These shelters will be secure from predators like foxes, loose dogs or crows but when lambs are born in the open there is no such protection, and the ewe can only do so much to protect her young, so the farmer has to very vigilant about this too.
Foxes and Crows, which will go after a lambs eyes straight after they are born, can be discouraged by human presence and the loss of a few of their kind from a farmers shotgun or a farmhand’s air rifle will put them off, but if they get a taste of lamb they will become very persistent and hard to get rid of.

Loose Dogs
Loose dogs are another issue entirely though and can be a real problem, as a farmer can’t tell when a walker has let a dog off in a field and it’s currently ripping through their flock.

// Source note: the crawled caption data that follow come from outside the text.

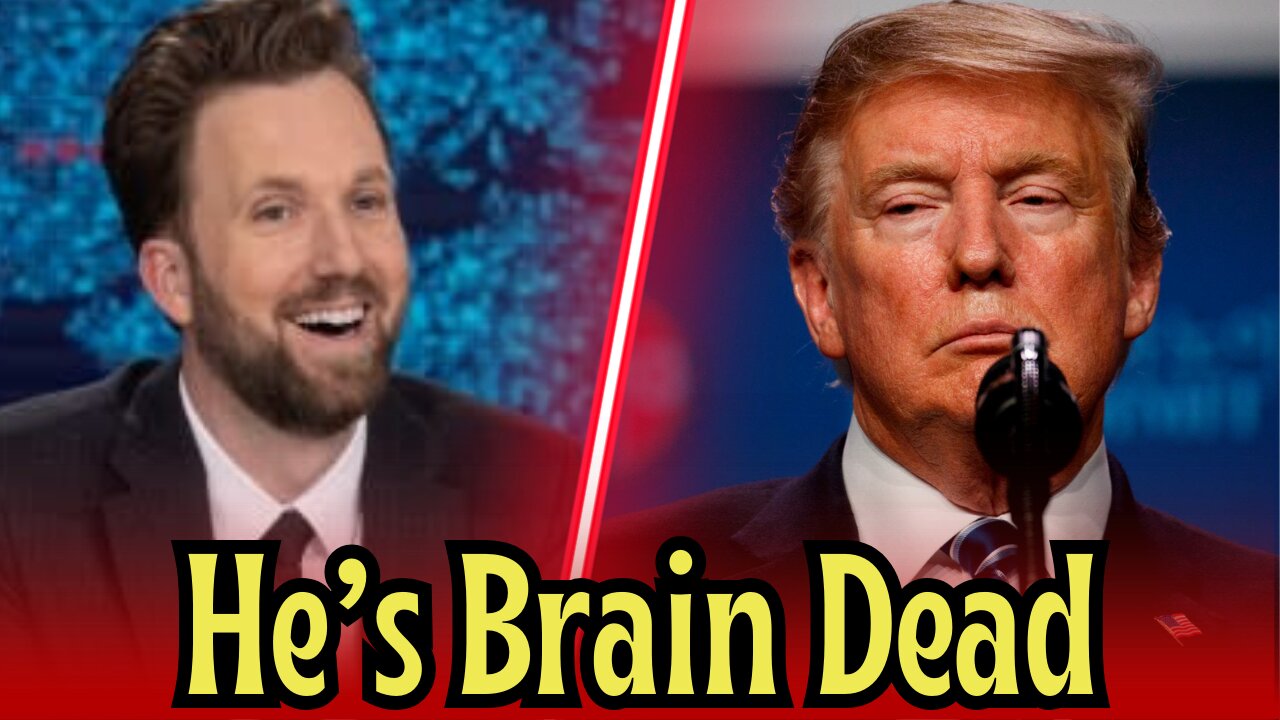 Jordan Klepper JUST PUBLICLY HUMILIATED Trump's ENTIRE REPUTATION & Trump LOSES IT!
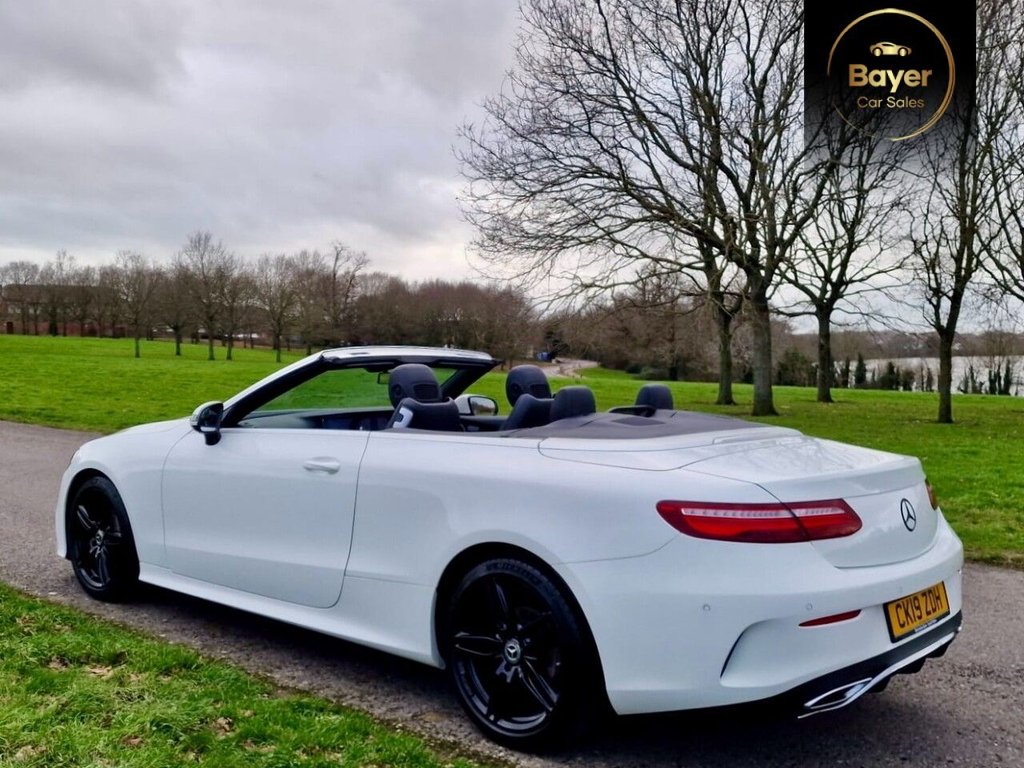 Used Mercedes-Benz E Class 2019 for sale - 77307346: Photo 11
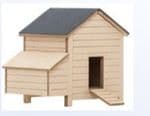 7B-006-002 Dapol laser cut Chicken Coop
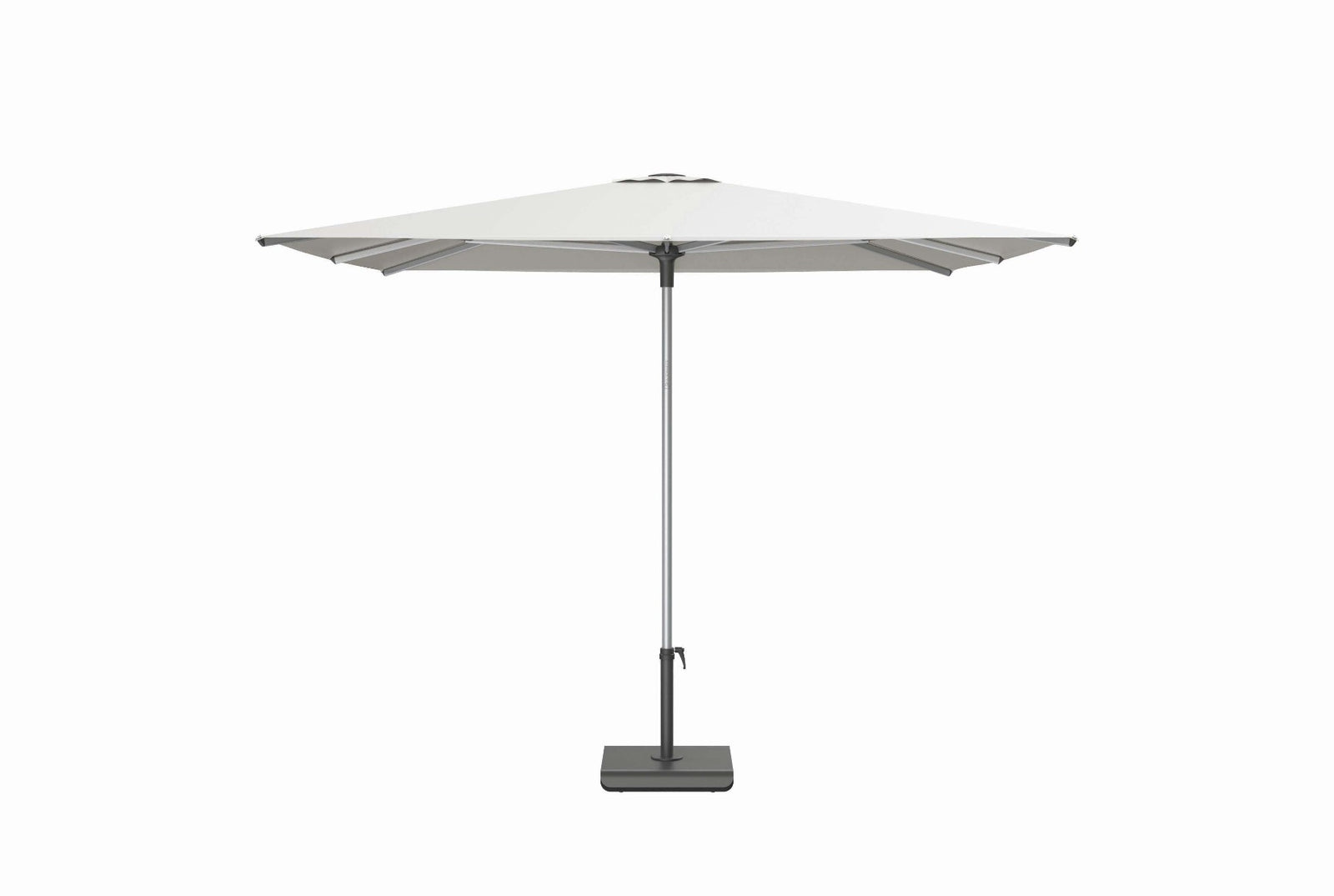 SHADEMAKER LIBRA 9' SQUARE PUSH UP PATIO UMBRELLA (LIB-27S)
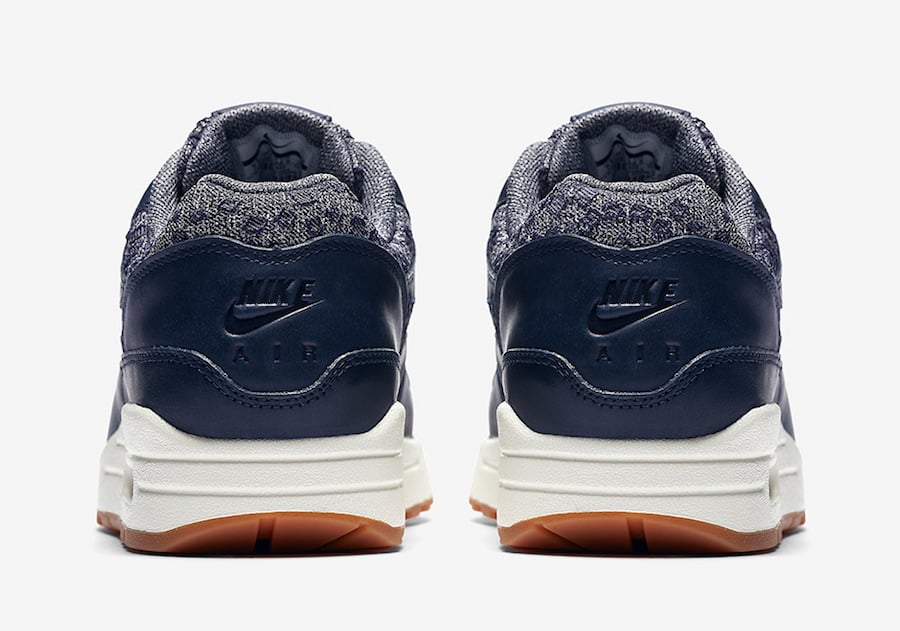 nike air max 1 premium midnight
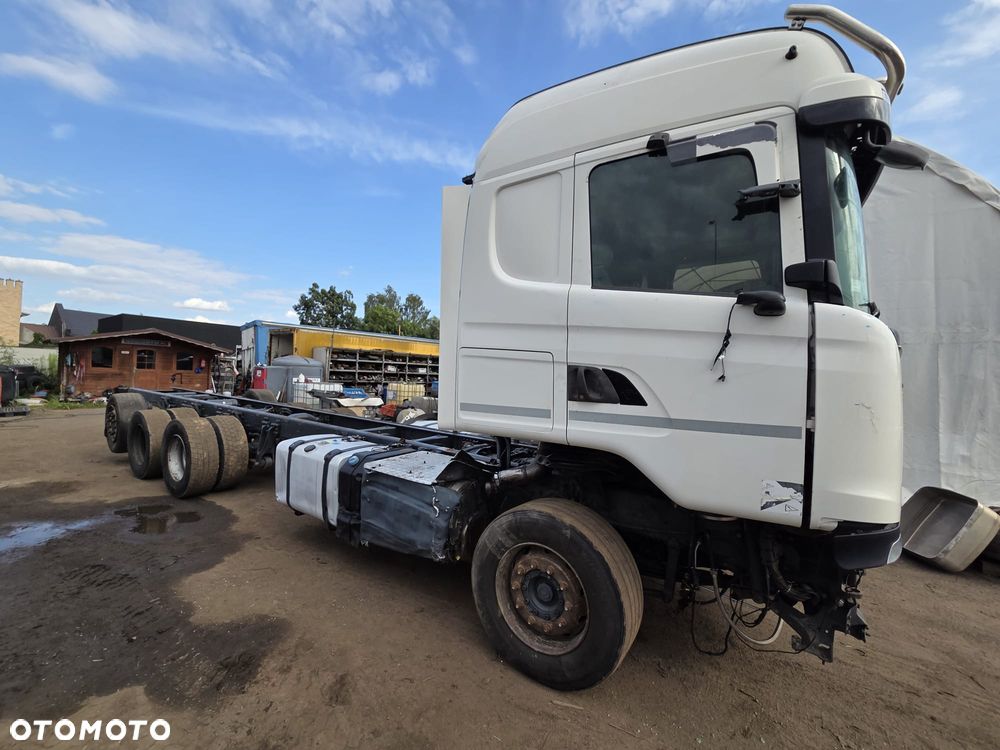 Scania R 580 - 5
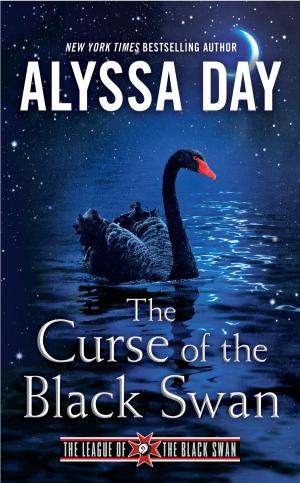 Book cover of The Curse of the Black Swan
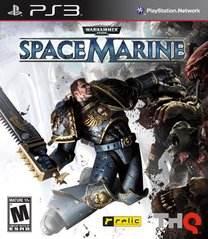 Warhammer 40000: Space Marine - Playstation 3 | Galactic Gamez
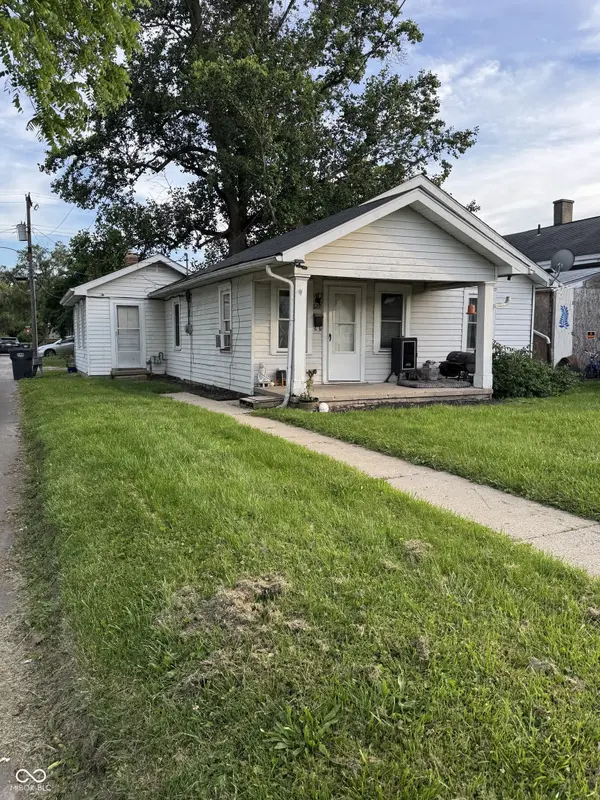 627 E 31st ST, Anderson, IN 46016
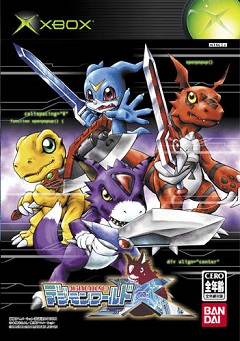 Digimon World 4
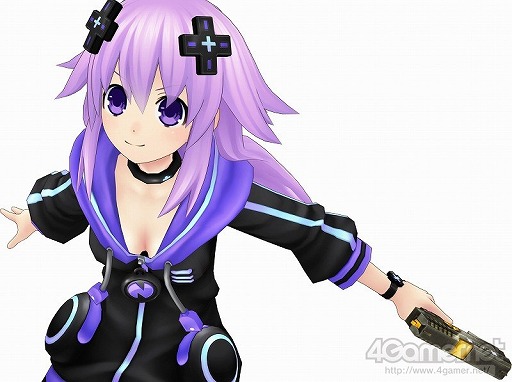 画像ギャラリー No.047のサムネイル画像 / 「新次元ゲイム ネプテューヌVII」はシリーズ本編の正統後継作にして，新システムを盛り込んだ意欲作。その概要とシリーズ展開についてキーパーソンに直撃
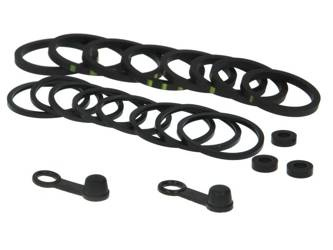 Zestaw naprawczy zacisku hamulca BCF-137 przód do motocykli Honda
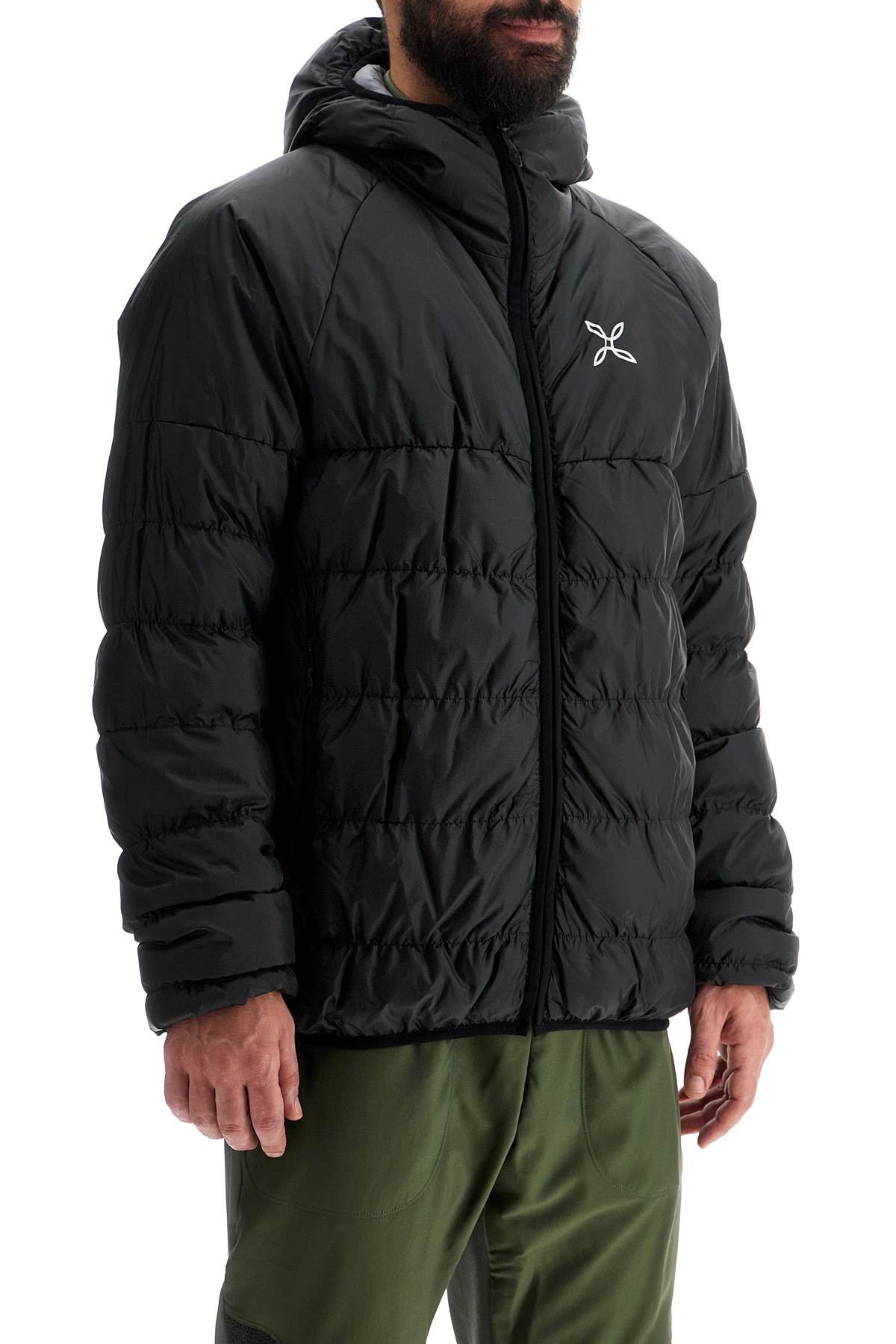 MONTURA Skill Duvet Quilted Down Jacket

No matter how many signs there might be or public information videos people still let them off, and simply shooting a dog is not as easy as shooting a crow as there can be unpleasant repercussions for the farmer, who is simply trying to protect his livelihood.
Sheep farmers still have to, somehow, retain a sense of optimism, even though they have to deal with all this, they will think of the potential and the possibilities: the ewe lambs that will become the future ewes to help restock the flock, for example.
Hopefully the lambs that are being born now will bring good prices in the lucrative market for early spring lambs, especially if they are selling to the restaurant trade.
For pedigree breeders though there is always the hope of producing that extra-special lamb, the one that could grace the country show a few months down the line and make serious money at the sales later.

It takes a very tough breed of sheep to survive life out in the open in a typical British spring, especially with hill farming where the sheep are exposed to the elements on the open fells, and it takes a very tough breed of farmer to look after them, there must also be a certain kind of madness as well as it is a lot of hard work for very little return.
But the simple pleasure of leaning on a gate and watching lambs, that you may have successfully raised yourself, suckle from their mothers and giddily race around after each other must sometimes be enough compensation.